In Francia molti la considerano un’eroina che nonostante la giovane età, coraggiosamente, non abbassa la testa di fronte alla prepotenza degli islamisti, altri pensano che se la sia cercata. Come l’ex ministra ed esponente socialista Ségolène Royal, secondo la quale è inopportuno che «un’adolescente irrispettosa venga portata a simbolo della libertà di espressione». Come con Charlie Hebdo, per alcuni il problema non sono gli islamisti che minacciano di morte e alla fine uccidono, ma le vittime che avevano avuto l’impertinenza di provocarli. Indisciplinata, forse in difficoltà nell’affermare e difendere la propria omosessualità, con la veemenza e la spontaneità dei suoi 16 anni nel gennaio 2020 Mila è sbottata su Instagram contro alcuni islamisti che volevano «riportarla sulla retta via» con avances ripetute e non gradite, e ha finito per prendersela con il Corano e Allah. Da allora la sua vita non è più la stessa, ma sembra serena nel non piegarsi di fronte all’ingiustizia. «Vorrei cominciare con il ringraziare i miei genitori – ha detto Mila in tribunale, dopo la sentenza -. Per la forza che hanno dimostrato finora, perché sono 18 mesi che vivono lo stesso mio calvario quando non avevano chiesto niente.
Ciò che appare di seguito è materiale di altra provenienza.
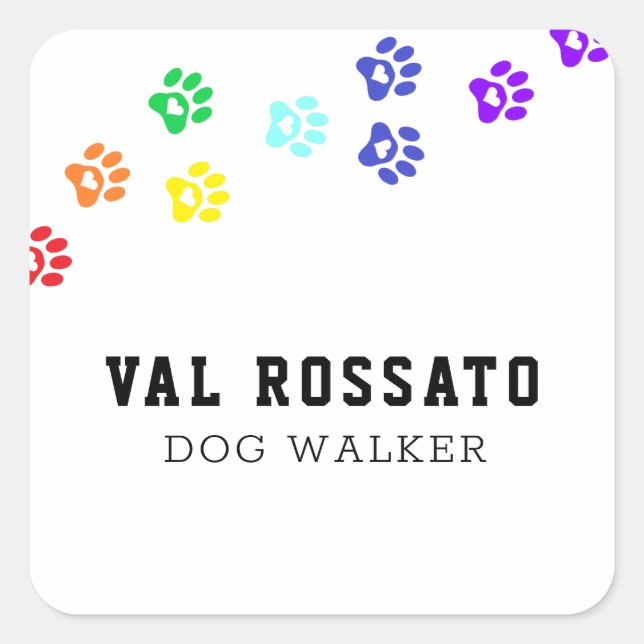 Adesivo Quadrado Pata De Cachorro Arco-Íris - Pet Sentado (Frente)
Ringrazio il mio avvocato (Richard Malka, lo stesso di Charlie Hebdo, ndr) per la sua perseveranza, per quel che ha fatto finora e che farà in futuro, una persona ammirevole. Ringrazio le forze dell’ordine per garantire così bene la mia protezione, ringrazio le femministe che mi hanno sostenuto e mi dispiace per le altre che non lo hanno fatto perché allora non le considero femministe, ringrazio le associazioni anti-razziste che hanno avuto il coraggio di sostenermi, mentre le altre che non lo hanno fatto non lottano davvero contro il razzismo. Abbiamo vinto e vinceremo ancora. Non dobbiamo arrenderci».